The Grand Budapest Hotel movie review (2014)
The dialogue is contemporary American, with plenty of cursing; the action is often grisly slapstick, with an upping of the imperiled-animal quotient that provided one of the more disquieting scenes of Anderson's last feature, "Moonrise Kingdom." The references are multitudinous, and come from everywhere (one of my favorites is a cable car sequence nodding to Carol Reed's 1940 thriller "Night Train To Munich").

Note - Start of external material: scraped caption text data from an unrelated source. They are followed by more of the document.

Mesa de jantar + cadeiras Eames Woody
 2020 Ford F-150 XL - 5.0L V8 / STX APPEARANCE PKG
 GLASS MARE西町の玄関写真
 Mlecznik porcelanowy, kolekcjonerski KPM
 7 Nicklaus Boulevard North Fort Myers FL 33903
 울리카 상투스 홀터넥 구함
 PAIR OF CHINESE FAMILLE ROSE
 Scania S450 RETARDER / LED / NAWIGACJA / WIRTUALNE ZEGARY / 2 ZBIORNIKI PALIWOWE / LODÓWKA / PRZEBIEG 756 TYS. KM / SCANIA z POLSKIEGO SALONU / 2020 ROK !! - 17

The cast is the usual top-to-bottom array of incredible talent, including, aside from the aforementioned, Matthew Amalric, Willem Dafoe, Jeff Goldblum, Harvey Keitel, Edward Norton, Saoirse Ronan, Léa Seydoux, and Anderson stalwarts Bill Murray, Jason Schwartzman, and Owen Wilson. (Newcomer Tony Revolori plays the young Moustafa.) The settings include not just the hotel but also a dank prison, a heavenly bakeshop, and all manner of horse drawn or steam-driven conveyances.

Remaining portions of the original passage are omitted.